Film | Nummer 356 - Februar 2004

„Kämpfen, egal wofür“

Interview mit dem uruguayischen Regisseur Diego Arsuaga zu seinem Film El último tren

Diego Arsuaga begann seine Karriere als Produzent und Drehbuchautor. Mit 22 Jahren wurde der Uruguayer von seinen Kollegen und verschiedenen Werbeagenturen für seine Arbeit als Werbefilmregisseur ausgezeichnet. Dann wagte er den Sprung zu Höherem. Seine neue Herausforderung war das Kino. Diego Arsuaga ist Produzent des Spielfilms Plata Quemada von Marcelo Pineyro, der in Spanien mit dem Goya für den besten ausländischen Film in spanischer Sprache ausgezeichnet wurde. Das Drehbuch zu El último tren schrieb er mit dem spanischen Starautor Fernando Leon de Aranoa. Die Lateinamerika Nachrichten trafen den 37-Jährigen bei der Deutschlandpremiere seines Films und sprachen mit ihm über das Generationenverhältnis und die Solidarität in Lateinamerika.

Helen Rupp, Anna Schulte

Herr Diego Arsuaga, zeigt ihr Film eine wahre Geschichte?

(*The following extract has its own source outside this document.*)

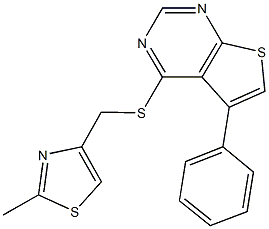 (2-methyl-1,3-thiazol-4-yl)methyl 5-phenylthieno[2,3-d]pyrimidin-4-yl sulfide 구조식 이미지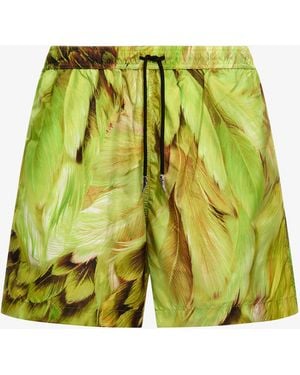 Roberto Cavalli Plumange Print Swim Trunks - Green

Die Geschichte ist so nicht passiert. Aber die Herren von der Gesellschaft der Eisenbahnfreunde gibt es tatsächlich. Sie sind in Wirklichkeit aber noch viel verrückter, als ich sie im Film dargestellt habe. Als sie die für die Dreharbeiten restaurierte Dampflok besichtigen konnten, ging es zu wie auf einem Kindergartenausflug.

Sie scheinen sehr viel Sympathie für die alten Männer zu haben. Was verbindet Sie als junger Regisseur mit diesen Alten?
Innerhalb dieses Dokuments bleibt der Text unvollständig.